• [EXERCISE OBJECTIVE] The records below are to be transcribed exactly, with the pictures removed.

+--

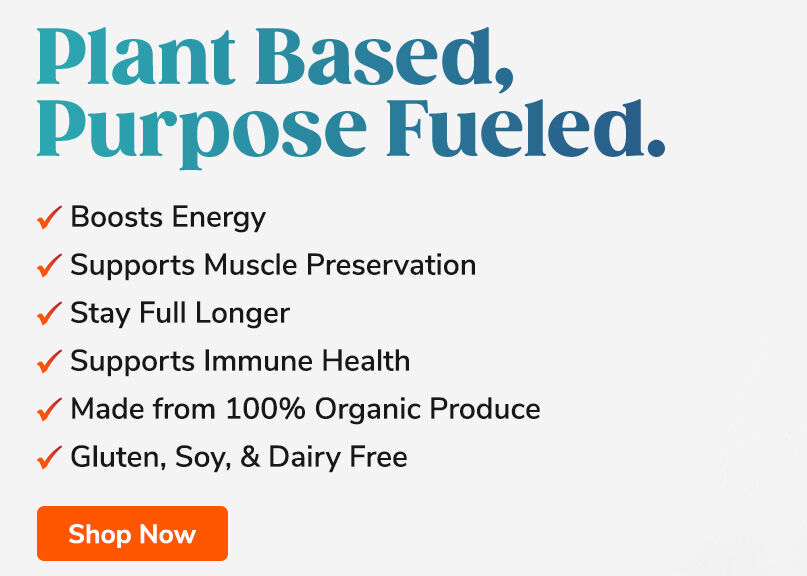 Plant Based, Purpose Fueled. Boosts Energy, Supports Muscle Preservation, Stay Full Longer. Shop Now.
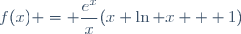 f(x) = \dfrac{e^x}{x}(x \ln x + 1)
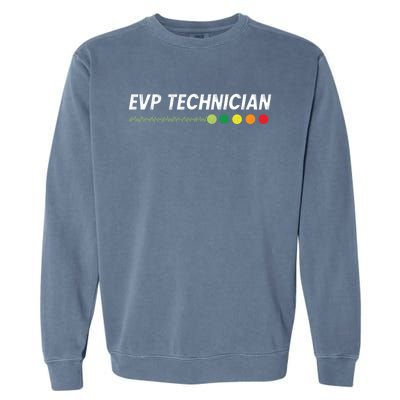 Evp Technician Paranormal Investigator Ghost Hunter Gift Garment-Dyed Sweatshirt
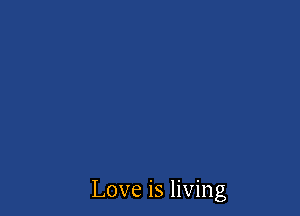 Love is living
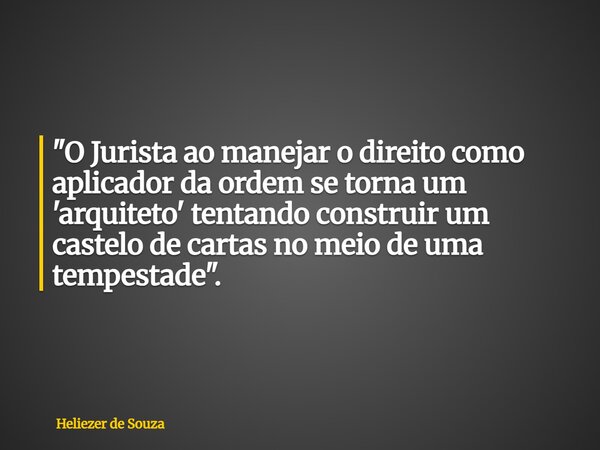 "O Jurista ao manejar o direito como aplicador da ordem se torna um 'arquiteto' tentando construir um castelo de cartas no meio de uma tempestade".... Frase de Heliezer de Souza.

+--

• [ANSWER SECTION]
 Plant Based, Purpose Fueled. Boosts Energy, Supports Muscle Preservation, Stay Full Longer. Shop Now.
 f(x) = \dfrac{e^x}{x}(x \ln x + 1)
 Evp Technician Paranormal Investigator Ghost Hunter Gift Garment-Dyed Sweatshirt
 Love is living
 "O Jurista ao manejar o direito como aplicador da ordem se torna um 'arquiteto' tentando construir um castelo de cartas no meio de uma tempestade".... Frase de Heliezer de Souza.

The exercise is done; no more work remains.